American foreign policy:  if we can’t have it, we’ll break it.

Another glaring omission is Wade’s reference to the collapse of the Soviet Union without acknowledging how the western world watched and cheered its collapse. For something that doesn’t stink of Wade’s jingoistic treatment of the demise of the Soviet Union, I suggest consulting Stephen Cohen. Here is an example of a more inclusive reading of that time period:

For most western commentators the Soviet breakup was an unambiguously positive turning point in Russian and world history. As it quickly became the defining moment in a new American triumphalist narrative, the hope that Mikhail Gorbachev’s pro-Soviet democratic and market reforms of 1985-91 would succeed was forgotten. Soviet history was now presented as “Russia’s seven decades as a rigid and ruthless police state”. American academics reacted similarly, most reverting to pre-Gorbachev axioms that the system had always been unreformable and doomed. The opposing view that there had been other possibilities in Soviet history, “roads not taken”, was dismissed as a “dubious”, if not disloyal, notion. Gorbachev’s reforms, despite having so remarkably dismantled the Communist party dictatorship, had been “a chimera”, and the Soviet Union therefore died from a “lack of alternatives”.
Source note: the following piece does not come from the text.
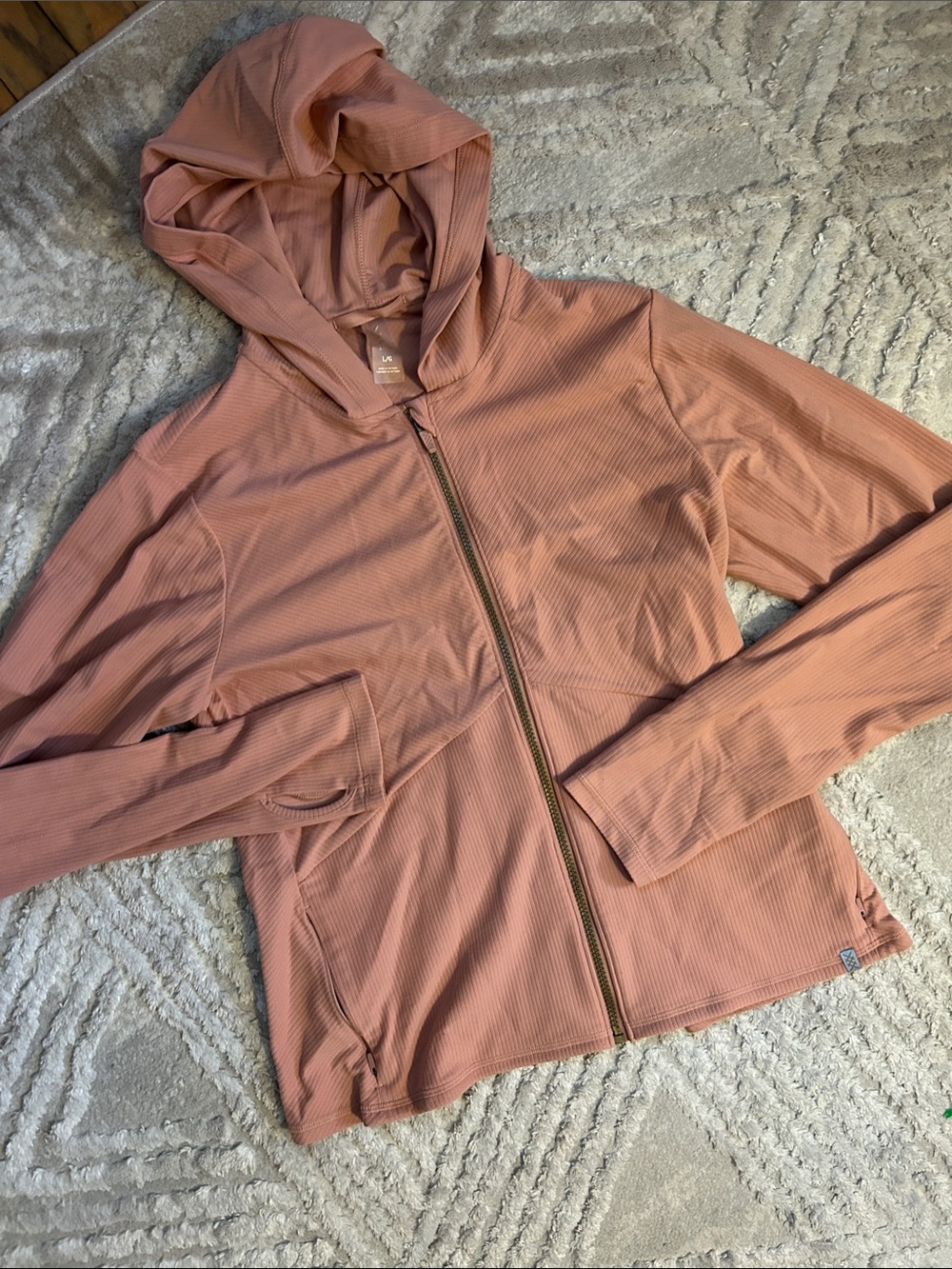 RHONE Dusty Rose Ribbed Full-Zip Hoodie Jacket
Most specialists no longer asked, even in the light of the human tragedies that followed in the 1990s, if a reforming Soviet Union might have been the best hope for the post-communist future of Russia. Nor have mainstream commentators asked if its survival would have been better for world affairs. On the contrary, they concluded that everything Soviet had to be discarded by “the razing of the entire edifice of political and economic relations”. Such certitudes are now, of course, the only politically correct ones in US (and most European) policy, media and academic circles.

Cohen goes on to do something I rarely see supposedly inclusive liberals do: consider how the actual human beings we call Russians who live in Russia feel about the collapse. I guess if you’re not a part of Pussy Riot, you’re perspective doesn’t matter.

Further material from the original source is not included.